> [TASK BRIEF]:
Leave the images aside and copy out the whole listing, exact to the word.

> [RECORDED INFORMATION]:

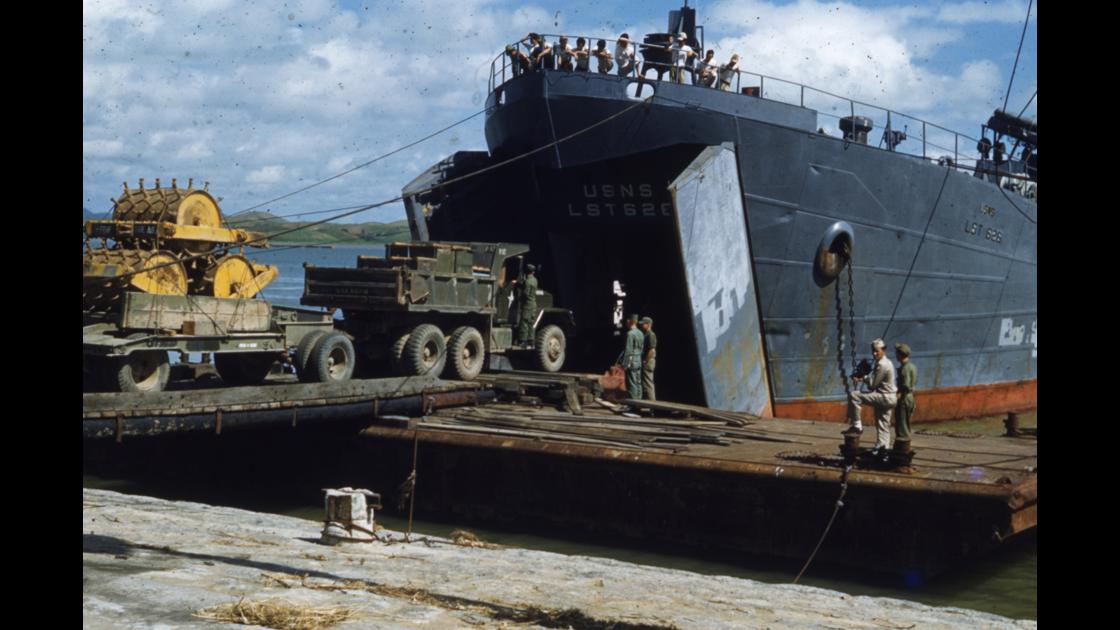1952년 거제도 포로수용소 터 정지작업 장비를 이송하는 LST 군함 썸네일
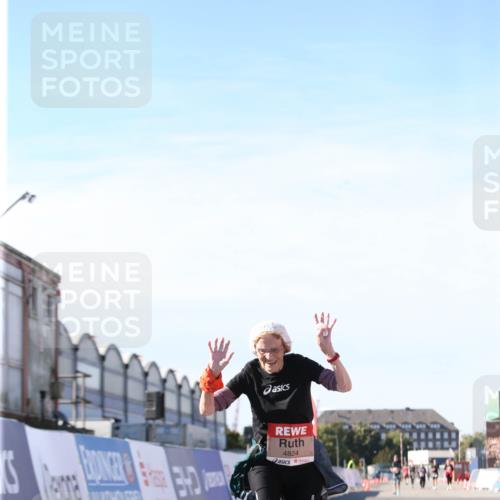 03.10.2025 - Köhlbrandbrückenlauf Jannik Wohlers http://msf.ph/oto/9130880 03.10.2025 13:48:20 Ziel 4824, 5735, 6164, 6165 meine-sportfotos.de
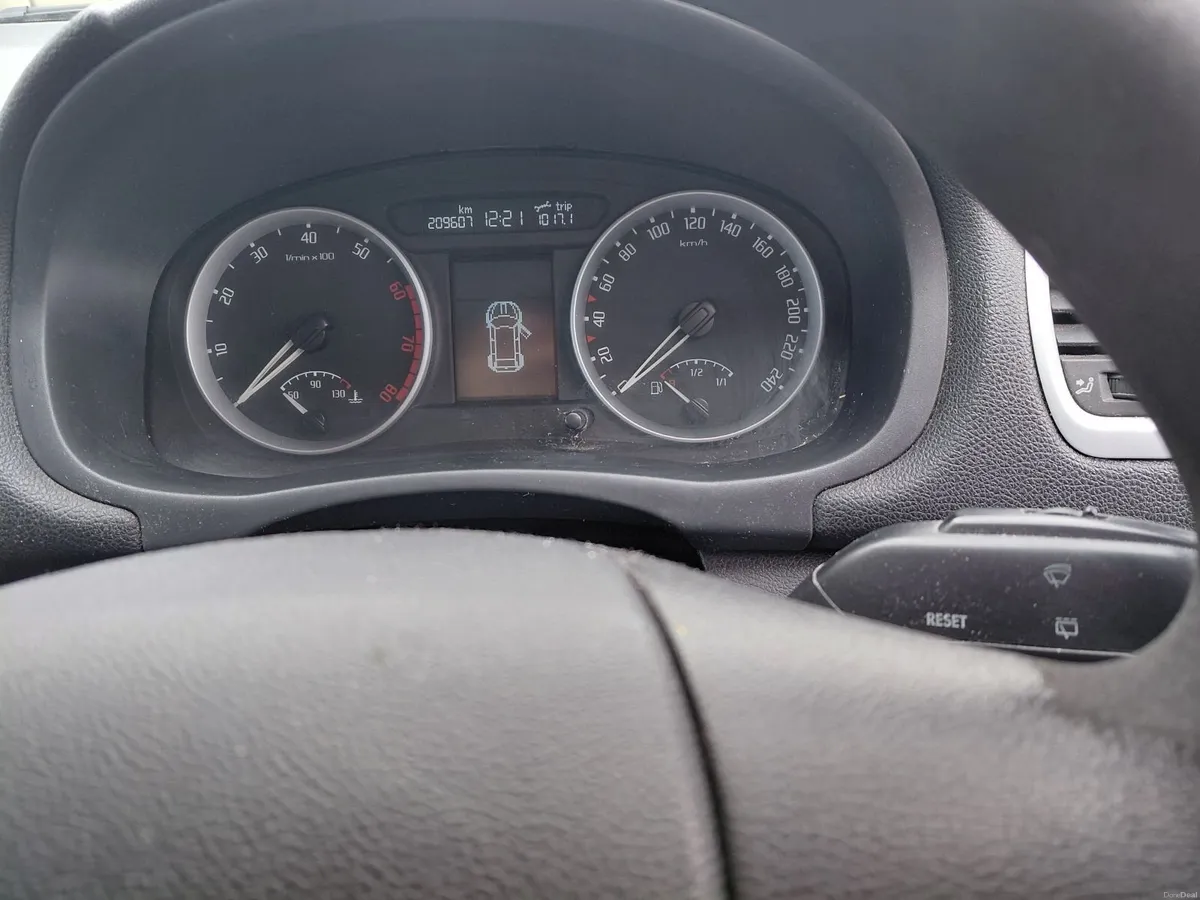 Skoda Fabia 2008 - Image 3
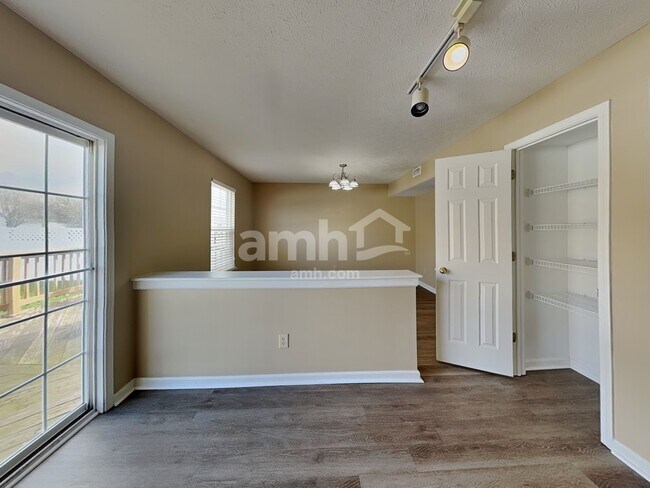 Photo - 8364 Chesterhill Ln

> [OUTPUT FOR THIS TASK]:
1952년 거제도 포로수용소 터 정지작업 장비를 이송하는 LST 군함 썸네일
 03.10.2025 - Köhlbrandbrückenlauf Jannik Wohlers http://msf.ph/oto/9130880 03.10.2025 13:48:20 Ziel 4824, 5735, 6164, 6165 meine-sportfotos.de
 Skoda Fabia 2008 - Image 3
 Photo - 8364 Chesterhill Ln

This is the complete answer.